Kevin Yunai Outlines Institutional Standards Required for RWA Adoption

Yunai said institutional investors need clear standards for RWAs to become mainstream. He stated the market needs standards around asset verification, custody, legal enforceability, valuation, disclosures, audits, compliance, KYC and AML controls, transfer restrictions, redemption rights, and ongoing reporting. According to Yunai, institutions need to be able to evaluate tokenized assets in the same disciplined way they evaluate traditional financial products, including knowing what they own, who controls the asset, how cash flows are handled, what happens in default, how disputes are resolved, and how information is reported over time. He said that without common standards, the RWA market risks fragmentation with each issuer, platform, jurisdiction, and asset category operating under different assumptions.

RWA Inc Sees Value Accruing to Platforms Controlling Trust and Distribution

Yunai stated that as tokenization matures, the most strategic position belongs to platforms that control trust, distribution, and liquidity. He said, "The most value will go to the platforms that control trust, distribution, and liquidity." According to Yunai, the winners will not necessarily be the companies that tokenize the most assets, as issuance is only one part of the market. He explained that the more defensible opportunity is building trusted financial networks around tokenized assets that connect asset originators, investors, custodians, compliance systems, pricing data, market venues, and reporting infrastructure. Yunai stated that these networks need to provide confidence that the tokenized asset is real, enforceable, compliant, and usable.

Yunai said, "Success is not only trillions of dollars tokenized. That number will come if the infrastructure is built correctly." He stated that a more meaningful sign of progress would be deep secondary markets, institutional-grade standards, global investor access, transparent reporting, and tokenized assets becoming part of everyday financial infrastructure. Yunai said, "The goal is not just to tokenize the old financial system. The goal is to build a better one."

FAQ

What did Kevin Yunai say about RWA platforms?

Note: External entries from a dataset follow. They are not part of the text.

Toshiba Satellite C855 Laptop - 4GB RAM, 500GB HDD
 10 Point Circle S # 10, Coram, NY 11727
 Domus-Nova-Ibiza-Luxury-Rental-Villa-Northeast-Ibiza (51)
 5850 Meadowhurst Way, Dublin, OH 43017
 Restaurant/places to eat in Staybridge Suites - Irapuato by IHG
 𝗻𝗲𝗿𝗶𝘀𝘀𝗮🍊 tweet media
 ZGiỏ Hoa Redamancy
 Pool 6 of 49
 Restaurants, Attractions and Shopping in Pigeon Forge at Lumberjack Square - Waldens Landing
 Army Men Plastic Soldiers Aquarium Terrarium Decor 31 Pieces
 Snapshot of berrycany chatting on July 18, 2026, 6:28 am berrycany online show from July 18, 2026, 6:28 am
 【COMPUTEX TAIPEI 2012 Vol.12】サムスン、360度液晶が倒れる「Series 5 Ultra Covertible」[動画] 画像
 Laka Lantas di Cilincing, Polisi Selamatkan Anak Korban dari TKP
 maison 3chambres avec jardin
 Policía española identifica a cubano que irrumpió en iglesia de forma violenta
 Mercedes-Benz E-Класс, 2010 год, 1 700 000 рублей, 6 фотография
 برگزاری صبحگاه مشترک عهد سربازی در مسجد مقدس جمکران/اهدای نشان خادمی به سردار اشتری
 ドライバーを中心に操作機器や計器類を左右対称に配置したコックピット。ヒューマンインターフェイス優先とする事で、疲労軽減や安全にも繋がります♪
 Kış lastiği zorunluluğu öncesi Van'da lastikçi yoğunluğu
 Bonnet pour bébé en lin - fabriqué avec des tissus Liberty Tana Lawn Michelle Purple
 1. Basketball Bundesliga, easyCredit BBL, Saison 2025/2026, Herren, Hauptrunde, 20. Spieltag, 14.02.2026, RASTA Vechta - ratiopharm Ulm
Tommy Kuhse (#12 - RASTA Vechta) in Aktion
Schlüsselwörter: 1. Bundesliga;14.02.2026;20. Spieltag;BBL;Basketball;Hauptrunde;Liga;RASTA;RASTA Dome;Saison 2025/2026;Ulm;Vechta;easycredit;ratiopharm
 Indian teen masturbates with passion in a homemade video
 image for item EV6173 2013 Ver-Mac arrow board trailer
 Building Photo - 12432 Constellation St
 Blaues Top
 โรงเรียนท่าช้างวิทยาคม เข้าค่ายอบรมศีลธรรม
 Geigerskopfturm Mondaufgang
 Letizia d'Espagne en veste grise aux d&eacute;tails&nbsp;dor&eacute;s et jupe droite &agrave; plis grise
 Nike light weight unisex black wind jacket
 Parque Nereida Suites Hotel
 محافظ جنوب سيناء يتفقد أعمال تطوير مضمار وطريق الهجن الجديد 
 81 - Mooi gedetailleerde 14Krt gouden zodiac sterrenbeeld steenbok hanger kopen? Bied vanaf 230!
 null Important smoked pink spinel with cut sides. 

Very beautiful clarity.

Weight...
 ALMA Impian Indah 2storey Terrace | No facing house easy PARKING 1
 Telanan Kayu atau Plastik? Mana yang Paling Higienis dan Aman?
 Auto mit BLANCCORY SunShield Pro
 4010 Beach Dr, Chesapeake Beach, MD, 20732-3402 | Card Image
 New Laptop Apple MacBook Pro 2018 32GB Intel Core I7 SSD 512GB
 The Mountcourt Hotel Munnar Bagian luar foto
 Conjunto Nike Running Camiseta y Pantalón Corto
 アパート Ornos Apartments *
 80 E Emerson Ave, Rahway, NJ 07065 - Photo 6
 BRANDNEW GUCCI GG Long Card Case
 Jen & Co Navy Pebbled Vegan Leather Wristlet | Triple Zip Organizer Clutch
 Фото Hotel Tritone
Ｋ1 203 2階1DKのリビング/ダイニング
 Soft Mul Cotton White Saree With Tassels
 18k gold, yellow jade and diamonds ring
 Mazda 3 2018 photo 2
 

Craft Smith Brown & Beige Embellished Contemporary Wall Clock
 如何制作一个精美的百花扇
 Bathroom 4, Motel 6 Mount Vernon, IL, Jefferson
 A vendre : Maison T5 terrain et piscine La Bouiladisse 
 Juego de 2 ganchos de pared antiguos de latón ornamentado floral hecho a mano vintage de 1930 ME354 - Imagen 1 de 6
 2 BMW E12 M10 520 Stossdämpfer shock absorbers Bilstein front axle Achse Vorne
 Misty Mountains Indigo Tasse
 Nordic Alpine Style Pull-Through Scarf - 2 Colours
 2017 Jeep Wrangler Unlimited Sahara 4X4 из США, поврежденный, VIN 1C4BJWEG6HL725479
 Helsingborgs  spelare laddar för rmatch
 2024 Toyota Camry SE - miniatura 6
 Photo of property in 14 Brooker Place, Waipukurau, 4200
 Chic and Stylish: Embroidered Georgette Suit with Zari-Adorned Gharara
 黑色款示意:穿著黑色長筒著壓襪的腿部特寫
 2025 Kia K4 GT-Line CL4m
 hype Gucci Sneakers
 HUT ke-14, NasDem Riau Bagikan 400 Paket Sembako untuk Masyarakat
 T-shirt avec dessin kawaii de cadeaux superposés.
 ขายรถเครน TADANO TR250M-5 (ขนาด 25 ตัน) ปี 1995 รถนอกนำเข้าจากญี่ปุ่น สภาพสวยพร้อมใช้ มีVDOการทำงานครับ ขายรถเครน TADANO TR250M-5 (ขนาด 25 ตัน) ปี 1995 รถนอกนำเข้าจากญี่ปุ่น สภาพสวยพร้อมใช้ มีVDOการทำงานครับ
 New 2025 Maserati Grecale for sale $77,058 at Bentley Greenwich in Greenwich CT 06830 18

Kevin Yunai, founder and CEO of RWA Inc, said platforms must build liquidity and full market infrastructure to unlock value in the real-world asset tokenization sector. He stated that simple tokenization alone does not create the liquidity, investor demand, or institutional confidence needed for the market to function effectively.

What infrastructure does Kevin Yunai say the RWA industry needs?

Yunai said the industry needs full market infrastructure including regulated secondary markets, reliable market makers, standardized disclosures, trusted custody, verified pricing, interoperable compliance, identity layers, institutional settlement, and clear redemption mechanics. He stated that liquidity is created by trust, standards, distribution, and market depth rather than by minting a token.

What standards does Kevin Yunai say institutions require for RWA adoption?

Yunai stated the market needs clear standards around asset verification, custody, legal enforceability, valuation, disclosures, audits, compliance, KYC and AML controls, transfer restrictions, redemption rights, and ongoing reporting. He said institutions need to be able to evaluate tokenized assets in the same disciplined way they evaluate traditional financial products.